*** Opening of EXERCISE INPUTS ***

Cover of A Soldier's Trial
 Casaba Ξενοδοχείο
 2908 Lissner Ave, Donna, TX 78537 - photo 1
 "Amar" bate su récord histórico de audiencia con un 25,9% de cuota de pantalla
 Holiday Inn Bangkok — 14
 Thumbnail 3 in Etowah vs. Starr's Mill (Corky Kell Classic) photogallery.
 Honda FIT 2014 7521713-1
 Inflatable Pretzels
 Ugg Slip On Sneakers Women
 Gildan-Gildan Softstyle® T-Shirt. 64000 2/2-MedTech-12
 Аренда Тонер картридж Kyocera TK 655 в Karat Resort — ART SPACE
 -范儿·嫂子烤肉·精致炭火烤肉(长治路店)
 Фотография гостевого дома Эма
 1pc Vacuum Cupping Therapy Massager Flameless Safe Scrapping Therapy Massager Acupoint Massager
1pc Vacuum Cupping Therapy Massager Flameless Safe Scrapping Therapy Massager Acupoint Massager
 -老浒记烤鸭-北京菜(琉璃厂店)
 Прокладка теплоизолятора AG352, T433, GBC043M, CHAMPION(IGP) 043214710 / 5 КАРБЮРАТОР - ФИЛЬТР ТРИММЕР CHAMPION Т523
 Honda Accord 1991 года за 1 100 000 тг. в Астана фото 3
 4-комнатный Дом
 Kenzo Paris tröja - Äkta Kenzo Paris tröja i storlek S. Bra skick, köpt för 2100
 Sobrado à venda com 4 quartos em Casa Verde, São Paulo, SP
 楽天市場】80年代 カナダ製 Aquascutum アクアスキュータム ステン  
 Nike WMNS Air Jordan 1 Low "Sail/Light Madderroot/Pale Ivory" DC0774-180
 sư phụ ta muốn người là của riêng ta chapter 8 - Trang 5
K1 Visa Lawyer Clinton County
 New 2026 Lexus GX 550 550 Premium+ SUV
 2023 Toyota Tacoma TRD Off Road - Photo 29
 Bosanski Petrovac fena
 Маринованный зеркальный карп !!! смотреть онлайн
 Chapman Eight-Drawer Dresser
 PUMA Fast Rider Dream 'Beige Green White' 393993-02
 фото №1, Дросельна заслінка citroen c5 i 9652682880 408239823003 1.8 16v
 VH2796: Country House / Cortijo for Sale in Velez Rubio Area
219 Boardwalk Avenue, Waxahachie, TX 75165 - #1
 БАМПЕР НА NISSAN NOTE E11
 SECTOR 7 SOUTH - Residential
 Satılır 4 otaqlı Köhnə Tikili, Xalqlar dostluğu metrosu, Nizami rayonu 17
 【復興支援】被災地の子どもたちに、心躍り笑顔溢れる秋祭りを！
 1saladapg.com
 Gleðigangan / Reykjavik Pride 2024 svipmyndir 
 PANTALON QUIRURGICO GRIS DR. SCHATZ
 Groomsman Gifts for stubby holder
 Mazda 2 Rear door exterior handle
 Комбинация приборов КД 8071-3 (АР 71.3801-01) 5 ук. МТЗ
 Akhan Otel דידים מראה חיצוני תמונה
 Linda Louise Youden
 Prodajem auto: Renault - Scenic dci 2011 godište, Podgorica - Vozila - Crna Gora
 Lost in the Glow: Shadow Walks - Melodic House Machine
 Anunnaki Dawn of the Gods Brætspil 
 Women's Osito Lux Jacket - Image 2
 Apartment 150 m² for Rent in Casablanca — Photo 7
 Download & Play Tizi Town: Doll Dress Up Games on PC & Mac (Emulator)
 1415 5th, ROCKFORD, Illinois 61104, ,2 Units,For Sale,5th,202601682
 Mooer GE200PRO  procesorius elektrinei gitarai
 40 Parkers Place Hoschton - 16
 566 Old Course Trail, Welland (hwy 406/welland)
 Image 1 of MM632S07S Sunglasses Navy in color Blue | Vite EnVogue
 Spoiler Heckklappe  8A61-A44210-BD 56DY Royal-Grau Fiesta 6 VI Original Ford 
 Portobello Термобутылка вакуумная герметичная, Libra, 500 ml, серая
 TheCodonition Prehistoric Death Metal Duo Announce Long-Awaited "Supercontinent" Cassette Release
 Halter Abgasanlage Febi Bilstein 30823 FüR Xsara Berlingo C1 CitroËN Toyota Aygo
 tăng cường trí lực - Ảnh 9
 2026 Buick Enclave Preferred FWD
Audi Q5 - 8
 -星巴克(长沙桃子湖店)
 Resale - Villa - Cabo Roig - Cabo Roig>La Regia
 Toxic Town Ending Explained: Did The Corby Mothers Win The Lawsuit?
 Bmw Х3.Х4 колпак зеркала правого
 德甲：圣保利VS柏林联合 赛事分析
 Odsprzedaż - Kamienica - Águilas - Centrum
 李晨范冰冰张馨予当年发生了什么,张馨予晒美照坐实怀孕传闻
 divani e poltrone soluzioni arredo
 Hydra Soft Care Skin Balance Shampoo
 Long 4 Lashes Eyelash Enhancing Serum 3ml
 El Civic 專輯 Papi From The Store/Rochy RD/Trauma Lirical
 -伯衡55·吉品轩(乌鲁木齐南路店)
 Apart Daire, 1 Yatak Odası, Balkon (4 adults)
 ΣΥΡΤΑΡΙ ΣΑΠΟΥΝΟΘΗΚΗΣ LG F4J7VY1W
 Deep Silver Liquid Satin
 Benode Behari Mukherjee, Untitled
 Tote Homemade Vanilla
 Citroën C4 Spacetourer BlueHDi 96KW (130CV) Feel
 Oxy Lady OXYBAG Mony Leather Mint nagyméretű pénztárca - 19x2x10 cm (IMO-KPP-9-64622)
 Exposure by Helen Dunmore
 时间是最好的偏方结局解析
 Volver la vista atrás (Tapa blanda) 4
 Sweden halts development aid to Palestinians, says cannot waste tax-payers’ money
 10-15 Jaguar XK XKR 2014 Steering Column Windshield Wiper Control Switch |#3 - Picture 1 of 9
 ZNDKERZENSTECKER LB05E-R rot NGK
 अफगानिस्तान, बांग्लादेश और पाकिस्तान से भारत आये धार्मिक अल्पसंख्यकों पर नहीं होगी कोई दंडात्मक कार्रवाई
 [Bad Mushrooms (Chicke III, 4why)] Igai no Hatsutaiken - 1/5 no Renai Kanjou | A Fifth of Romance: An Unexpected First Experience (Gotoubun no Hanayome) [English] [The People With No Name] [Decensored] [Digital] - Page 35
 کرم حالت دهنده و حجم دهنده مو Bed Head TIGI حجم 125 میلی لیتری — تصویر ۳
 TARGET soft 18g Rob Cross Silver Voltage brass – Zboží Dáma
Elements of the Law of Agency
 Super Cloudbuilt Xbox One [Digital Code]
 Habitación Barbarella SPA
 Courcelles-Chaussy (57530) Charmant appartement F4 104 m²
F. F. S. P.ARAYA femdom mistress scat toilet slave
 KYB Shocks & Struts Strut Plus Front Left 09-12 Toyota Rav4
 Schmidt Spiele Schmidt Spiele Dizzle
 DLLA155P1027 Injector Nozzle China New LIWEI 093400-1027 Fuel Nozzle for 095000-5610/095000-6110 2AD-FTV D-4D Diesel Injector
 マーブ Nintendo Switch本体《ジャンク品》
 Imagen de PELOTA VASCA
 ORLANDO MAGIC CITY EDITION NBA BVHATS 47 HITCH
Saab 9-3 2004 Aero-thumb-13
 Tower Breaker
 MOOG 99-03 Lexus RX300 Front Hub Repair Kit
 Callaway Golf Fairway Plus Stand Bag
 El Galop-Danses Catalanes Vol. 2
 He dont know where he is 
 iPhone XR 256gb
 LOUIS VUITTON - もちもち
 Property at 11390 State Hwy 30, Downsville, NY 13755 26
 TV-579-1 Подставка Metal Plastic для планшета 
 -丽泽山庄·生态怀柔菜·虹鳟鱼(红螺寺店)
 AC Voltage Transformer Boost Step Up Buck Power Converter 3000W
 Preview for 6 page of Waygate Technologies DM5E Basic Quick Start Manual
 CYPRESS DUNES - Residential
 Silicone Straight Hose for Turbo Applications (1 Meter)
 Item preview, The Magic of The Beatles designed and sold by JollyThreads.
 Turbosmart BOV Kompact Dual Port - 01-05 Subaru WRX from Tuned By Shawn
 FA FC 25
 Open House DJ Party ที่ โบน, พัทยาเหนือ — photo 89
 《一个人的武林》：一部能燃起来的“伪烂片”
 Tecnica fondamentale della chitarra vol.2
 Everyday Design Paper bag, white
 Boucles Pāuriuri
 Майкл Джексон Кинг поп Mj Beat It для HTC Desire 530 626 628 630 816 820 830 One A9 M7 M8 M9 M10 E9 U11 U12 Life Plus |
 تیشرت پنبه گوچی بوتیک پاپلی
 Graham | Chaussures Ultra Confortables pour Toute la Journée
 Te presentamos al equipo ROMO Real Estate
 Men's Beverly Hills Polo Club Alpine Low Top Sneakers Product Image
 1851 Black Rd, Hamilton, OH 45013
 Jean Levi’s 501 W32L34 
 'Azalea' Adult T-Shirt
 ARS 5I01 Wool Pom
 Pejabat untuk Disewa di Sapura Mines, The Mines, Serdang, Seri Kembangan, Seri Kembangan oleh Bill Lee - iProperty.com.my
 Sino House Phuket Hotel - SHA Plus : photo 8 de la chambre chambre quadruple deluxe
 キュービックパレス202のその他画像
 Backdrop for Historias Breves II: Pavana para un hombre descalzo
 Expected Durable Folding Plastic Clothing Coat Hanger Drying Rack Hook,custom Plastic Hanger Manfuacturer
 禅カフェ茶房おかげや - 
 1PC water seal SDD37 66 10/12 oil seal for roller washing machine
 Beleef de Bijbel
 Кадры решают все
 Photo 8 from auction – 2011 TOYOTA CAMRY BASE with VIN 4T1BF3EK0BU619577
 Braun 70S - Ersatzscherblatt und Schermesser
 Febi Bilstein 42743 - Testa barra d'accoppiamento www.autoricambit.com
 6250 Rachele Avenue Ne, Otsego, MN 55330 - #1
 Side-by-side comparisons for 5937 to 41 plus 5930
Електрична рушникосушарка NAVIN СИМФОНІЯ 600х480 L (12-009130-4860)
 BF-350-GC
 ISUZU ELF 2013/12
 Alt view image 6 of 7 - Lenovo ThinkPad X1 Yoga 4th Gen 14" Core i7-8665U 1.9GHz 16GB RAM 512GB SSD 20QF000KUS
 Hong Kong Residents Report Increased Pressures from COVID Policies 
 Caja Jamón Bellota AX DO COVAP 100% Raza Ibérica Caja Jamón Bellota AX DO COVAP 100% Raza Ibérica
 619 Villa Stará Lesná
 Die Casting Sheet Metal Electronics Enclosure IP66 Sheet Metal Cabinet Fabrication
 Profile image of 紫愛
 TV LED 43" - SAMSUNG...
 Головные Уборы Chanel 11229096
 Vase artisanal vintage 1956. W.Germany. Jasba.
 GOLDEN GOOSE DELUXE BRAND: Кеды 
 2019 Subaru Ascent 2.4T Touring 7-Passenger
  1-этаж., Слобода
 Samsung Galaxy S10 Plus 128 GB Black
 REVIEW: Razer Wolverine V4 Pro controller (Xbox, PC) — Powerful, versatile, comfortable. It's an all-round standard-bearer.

*** Close of EXERCISE INPUTS ***

**ASSIGNED TASK:** Look through the listing above and copy each line with the word "Lexus" in it.

**ANSWER BELOW:**
 New 2026 Lexus GX 550 550 Premium+ SUV
 MOOG 99-03 Lexus RX300 Front Hub Repair Kit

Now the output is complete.